> _Provided information_:
#####
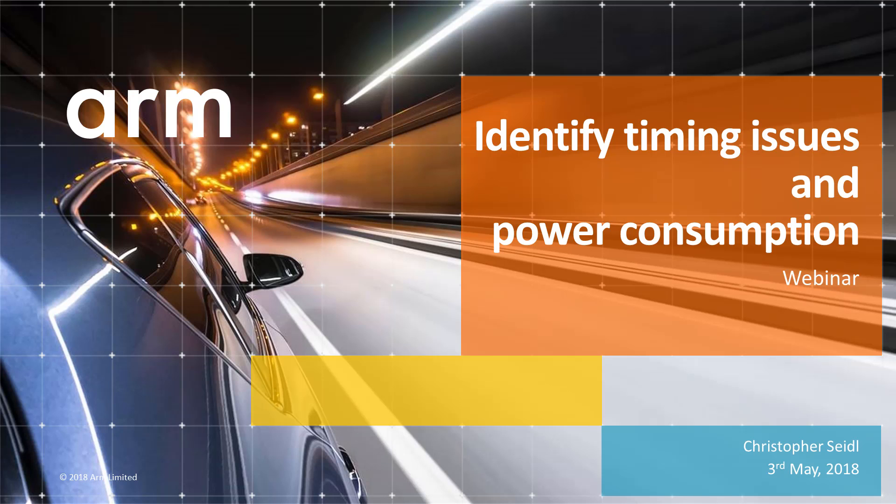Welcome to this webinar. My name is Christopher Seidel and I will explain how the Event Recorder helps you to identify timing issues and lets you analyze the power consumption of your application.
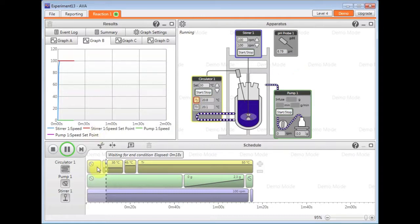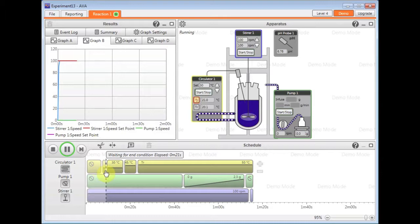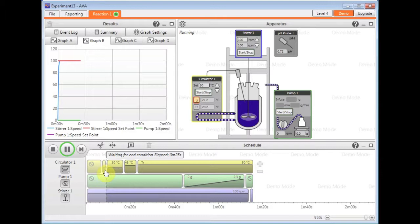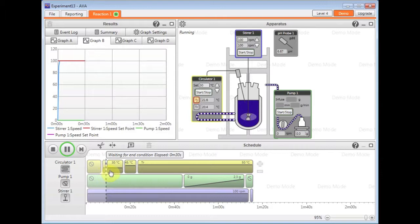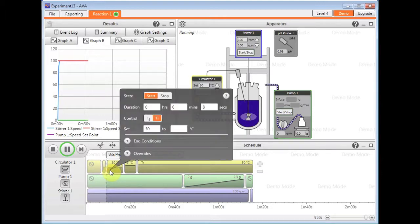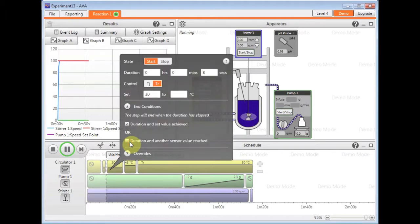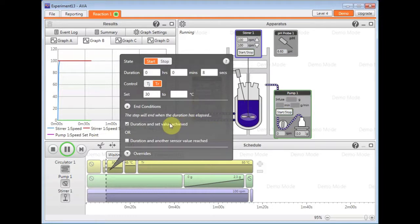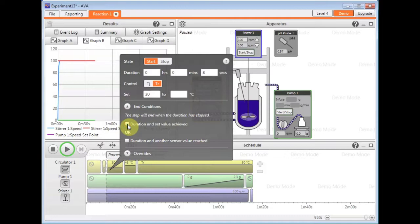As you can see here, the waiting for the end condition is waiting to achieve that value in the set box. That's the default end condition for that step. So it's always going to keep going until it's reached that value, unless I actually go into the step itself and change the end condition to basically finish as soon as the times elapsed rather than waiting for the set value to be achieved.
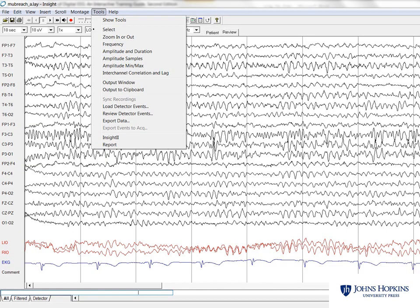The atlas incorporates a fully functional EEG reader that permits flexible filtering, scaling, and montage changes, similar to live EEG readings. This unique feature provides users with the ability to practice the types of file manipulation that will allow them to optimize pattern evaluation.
#####
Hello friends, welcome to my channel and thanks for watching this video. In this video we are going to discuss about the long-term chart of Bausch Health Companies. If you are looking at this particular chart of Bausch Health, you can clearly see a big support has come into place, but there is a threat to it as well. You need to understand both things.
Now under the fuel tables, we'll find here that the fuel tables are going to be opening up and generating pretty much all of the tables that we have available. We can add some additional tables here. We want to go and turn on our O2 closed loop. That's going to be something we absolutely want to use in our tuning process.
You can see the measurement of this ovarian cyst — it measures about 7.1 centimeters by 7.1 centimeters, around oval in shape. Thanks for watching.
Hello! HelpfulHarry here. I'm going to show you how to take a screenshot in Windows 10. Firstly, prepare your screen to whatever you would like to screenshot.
#####
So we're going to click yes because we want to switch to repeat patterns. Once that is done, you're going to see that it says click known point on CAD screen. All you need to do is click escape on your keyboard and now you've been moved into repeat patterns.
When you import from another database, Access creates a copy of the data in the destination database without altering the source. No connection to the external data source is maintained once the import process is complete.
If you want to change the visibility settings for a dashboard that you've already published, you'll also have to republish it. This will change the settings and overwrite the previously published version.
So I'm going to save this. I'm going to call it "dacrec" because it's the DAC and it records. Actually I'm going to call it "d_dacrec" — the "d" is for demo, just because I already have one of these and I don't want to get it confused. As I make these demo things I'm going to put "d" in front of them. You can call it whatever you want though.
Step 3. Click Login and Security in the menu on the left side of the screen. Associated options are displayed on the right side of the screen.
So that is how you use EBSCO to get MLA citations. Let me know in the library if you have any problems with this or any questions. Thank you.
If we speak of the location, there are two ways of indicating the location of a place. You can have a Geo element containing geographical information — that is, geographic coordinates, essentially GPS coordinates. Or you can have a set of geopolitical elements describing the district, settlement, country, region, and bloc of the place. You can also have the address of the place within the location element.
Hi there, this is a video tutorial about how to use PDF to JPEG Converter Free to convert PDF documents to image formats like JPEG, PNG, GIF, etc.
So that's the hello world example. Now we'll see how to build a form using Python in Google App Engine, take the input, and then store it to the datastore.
#####
> _Brief_:
Give again exactly, and only, the lines above starting at the one with "So I'm going" and ending at the one with "So that is how".

> _Answer_:
So I'm going to save this. I'm going to call it "dacrec" because it's the DAC and it records. Actually I'm going to call it "d_dacrec" — the "d" is for demo, just because I already have one of these and I don't want to get it confused. As I make these demo things I'm going to put "d" in front of them. You can call it whatever you want though.
Step 3. Click Login and Security in the menu on the left side of the screen. Associated options are displayed on the right side of the screen.
So that is how you use EBSCO to get MLA citations. Let me know in the library if you have any problems with this or any questions. Thank you.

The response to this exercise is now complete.